To do =>
Using the records below, repeat exactly the lines from the one holding "Toyota Corolla Verso" through the one holding "Used 2024 Mercedes-Benz GLB 250 image 26", both ends included, and no others.

---

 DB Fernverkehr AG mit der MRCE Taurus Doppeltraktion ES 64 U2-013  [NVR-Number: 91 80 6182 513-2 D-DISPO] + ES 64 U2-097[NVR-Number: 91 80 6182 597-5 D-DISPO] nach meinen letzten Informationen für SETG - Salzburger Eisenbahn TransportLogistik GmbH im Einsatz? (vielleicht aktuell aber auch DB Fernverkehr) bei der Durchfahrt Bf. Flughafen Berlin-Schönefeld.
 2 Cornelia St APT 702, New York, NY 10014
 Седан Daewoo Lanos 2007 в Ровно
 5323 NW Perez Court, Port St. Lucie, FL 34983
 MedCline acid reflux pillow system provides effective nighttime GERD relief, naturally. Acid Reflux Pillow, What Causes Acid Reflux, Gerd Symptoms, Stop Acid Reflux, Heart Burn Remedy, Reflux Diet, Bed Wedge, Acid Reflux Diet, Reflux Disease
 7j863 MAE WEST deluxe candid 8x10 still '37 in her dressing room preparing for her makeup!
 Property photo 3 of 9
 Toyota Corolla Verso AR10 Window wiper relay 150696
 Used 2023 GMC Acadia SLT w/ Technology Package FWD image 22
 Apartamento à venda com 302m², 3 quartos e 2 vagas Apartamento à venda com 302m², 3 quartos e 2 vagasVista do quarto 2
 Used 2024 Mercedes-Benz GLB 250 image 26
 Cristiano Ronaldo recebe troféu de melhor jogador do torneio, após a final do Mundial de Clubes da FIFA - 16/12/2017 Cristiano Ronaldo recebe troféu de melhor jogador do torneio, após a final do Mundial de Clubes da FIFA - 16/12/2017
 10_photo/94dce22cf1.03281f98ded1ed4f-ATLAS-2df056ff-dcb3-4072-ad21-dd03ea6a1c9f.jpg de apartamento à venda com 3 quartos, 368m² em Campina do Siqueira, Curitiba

---

Completed exercise =>
 Toyota Corolla Verso AR10 Window wiper relay 150696
 Used 2023 GMC Acadia SLT w/ Technology Package FWD image 22
 Apartamento à venda com 302m², 3 quartos e 2 vagas Apartamento à venda com 302m², 3 quartos e 2 vagasVista do quarto 2
 Used 2024 Mercedes-Benz GLB 250 image 26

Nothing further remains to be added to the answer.